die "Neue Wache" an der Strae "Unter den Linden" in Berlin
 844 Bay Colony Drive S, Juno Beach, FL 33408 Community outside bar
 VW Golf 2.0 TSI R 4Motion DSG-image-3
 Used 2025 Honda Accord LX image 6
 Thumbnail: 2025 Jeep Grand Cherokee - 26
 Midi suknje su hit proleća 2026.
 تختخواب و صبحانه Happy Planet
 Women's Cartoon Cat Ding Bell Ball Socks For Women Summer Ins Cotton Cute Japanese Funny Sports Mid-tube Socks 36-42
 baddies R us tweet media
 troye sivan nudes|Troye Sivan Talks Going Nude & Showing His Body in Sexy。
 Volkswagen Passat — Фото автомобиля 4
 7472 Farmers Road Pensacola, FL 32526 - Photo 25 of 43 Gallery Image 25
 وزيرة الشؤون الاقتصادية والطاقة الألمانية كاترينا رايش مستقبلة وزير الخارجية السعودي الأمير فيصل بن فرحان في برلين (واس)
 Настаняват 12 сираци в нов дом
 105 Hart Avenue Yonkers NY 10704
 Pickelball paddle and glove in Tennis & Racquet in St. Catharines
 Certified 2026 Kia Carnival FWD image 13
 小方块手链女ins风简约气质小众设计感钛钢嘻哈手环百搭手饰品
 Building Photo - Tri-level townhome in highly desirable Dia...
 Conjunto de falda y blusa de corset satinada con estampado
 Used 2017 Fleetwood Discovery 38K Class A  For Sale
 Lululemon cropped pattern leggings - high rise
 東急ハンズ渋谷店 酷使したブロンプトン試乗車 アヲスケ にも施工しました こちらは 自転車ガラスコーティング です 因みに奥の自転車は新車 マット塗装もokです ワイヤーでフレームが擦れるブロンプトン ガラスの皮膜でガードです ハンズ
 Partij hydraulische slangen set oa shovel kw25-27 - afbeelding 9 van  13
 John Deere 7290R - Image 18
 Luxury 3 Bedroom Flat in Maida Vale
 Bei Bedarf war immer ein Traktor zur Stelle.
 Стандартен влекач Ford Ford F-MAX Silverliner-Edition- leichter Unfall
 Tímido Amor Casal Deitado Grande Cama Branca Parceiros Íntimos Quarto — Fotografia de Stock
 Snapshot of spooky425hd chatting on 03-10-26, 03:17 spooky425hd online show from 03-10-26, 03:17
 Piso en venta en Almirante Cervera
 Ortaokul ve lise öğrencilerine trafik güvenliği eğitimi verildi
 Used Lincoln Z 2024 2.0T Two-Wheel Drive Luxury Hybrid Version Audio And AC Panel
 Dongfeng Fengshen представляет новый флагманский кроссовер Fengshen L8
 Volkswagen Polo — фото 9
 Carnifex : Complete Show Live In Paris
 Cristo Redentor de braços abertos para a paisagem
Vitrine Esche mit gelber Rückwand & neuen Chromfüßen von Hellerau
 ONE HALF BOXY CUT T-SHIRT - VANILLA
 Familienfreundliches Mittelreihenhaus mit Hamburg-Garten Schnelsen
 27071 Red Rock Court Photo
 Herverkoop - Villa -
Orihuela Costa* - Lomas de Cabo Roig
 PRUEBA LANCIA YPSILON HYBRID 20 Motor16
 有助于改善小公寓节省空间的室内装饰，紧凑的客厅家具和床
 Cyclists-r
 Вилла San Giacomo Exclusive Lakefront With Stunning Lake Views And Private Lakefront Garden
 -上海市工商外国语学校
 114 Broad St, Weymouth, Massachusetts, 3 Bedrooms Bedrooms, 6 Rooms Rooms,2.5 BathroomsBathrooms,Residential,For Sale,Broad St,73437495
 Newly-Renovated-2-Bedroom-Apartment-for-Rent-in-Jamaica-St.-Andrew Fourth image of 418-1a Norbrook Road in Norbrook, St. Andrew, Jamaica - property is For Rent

**Exercise instructions**
Take the line containing "Partij hydraulische slangen" as the start and the last line of the data as the end, and reproduce that range exactly.

**Output for this exercise**
 Partij hydraulische slangen set oa shovel kw25-27 - afbeelding 9 van  13
 John Deere 7290R - Image 18
 Luxury 3 Bedroom Flat in Maida Vale
 Bei Bedarf war immer ein Traktor zur Stelle.
 Стандартен влекач Ford Ford F-MAX Silverliner-Edition- leichter Unfall
 Tímido Amor Casal Deitado Grande Cama Branca Parceiros Íntimos Quarto — Fotografia de Stock
 Snapshot of spooky425hd chatting on 03-10-26, 03:17 spooky425hd online show from 03-10-26, 03:17
 Piso en venta en Almirante Cervera
 Ortaokul ve lise öğrencilerine trafik güvenliği eğitimi verildi
 Used Lincoln Z 2024 2.0T Two-Wheel Drive Luxury Hybrid Version Audio And AC Panel
 Dongfeng Fengshen представляет новый флагманский кроссовер Fengshen L8
 Volkswagen Polo — фото 9
 Carnifex : Complete Show Live In Paris
 Cristo Redentor de braços abertos para a paisagem
Vitrine Esche mit gelber Rückwand & neuen Chromfüßen von Hellerau
 ONE HALF BOXY CUT T-SHIRT - VANILLA
 Familienfreundliches Mittelreihenhaus mit Hamburg-Garten Schnelsen
 27071 Red Rock Court Photo
 Herverkoop - Villa -
Orihuela Costa* - Lomas de Cabo Roig
 PRUEBA LANCIA YPSILON HYBRID 20 Motor16
 有助于改善小公寓节省空间的室内装饰，紧凑的客厅家具和床
 Cyclists-r
 Вилла San Giacomo Exclusive Lakefront With Stunning Lake Views And Private Lakefront Garden
 -上海市工商外国语学校
 114 Broad St, Weymouth, Massachusetts, 3 Bedrooms Bedrooms, 6 Rooms Rooms,2.5 BathroomsBathrooms,Residential,For Sale,Broad St,73437495
 Newly-Renovated-2-Bedroom-Apartment-for-Rent-in-Jamaica-St.-Andrew Fourth image of 418-1a Norbrook Road in Norbrook, St. Andrew, Jamaica - property is For Rent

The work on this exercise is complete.